Stored data:
——

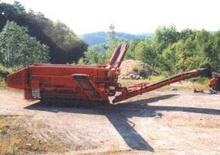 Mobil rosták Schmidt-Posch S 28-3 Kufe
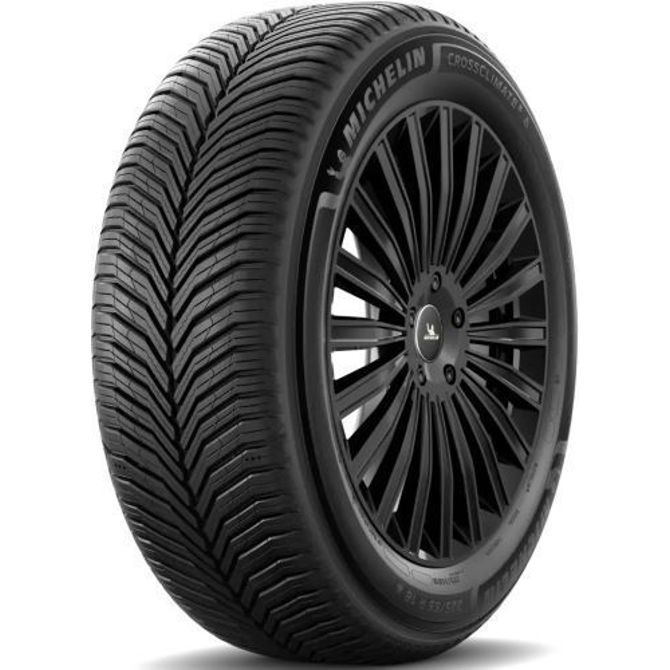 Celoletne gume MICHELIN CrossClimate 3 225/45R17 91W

——

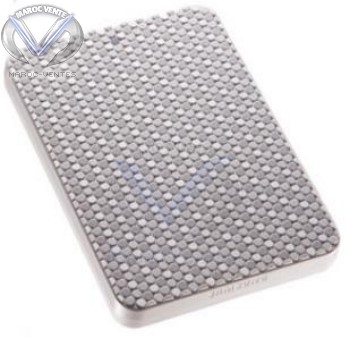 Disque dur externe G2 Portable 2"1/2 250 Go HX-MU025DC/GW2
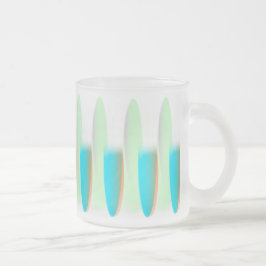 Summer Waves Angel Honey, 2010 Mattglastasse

——

Assigned task:
When copying from the data above, print only the lines from the line containing "Mobil rosták Schmidt-Posch S 28-3 Kufe" to the line containing "Celoletne gume MICHELIN", exactly, and leave the pictures out.

Response to the task:
 Mobil rosták Schmidt-Posch S 28-3 Kufe
 Celoletne gume MICHELIN CrossClimate 3 225/45R17 91W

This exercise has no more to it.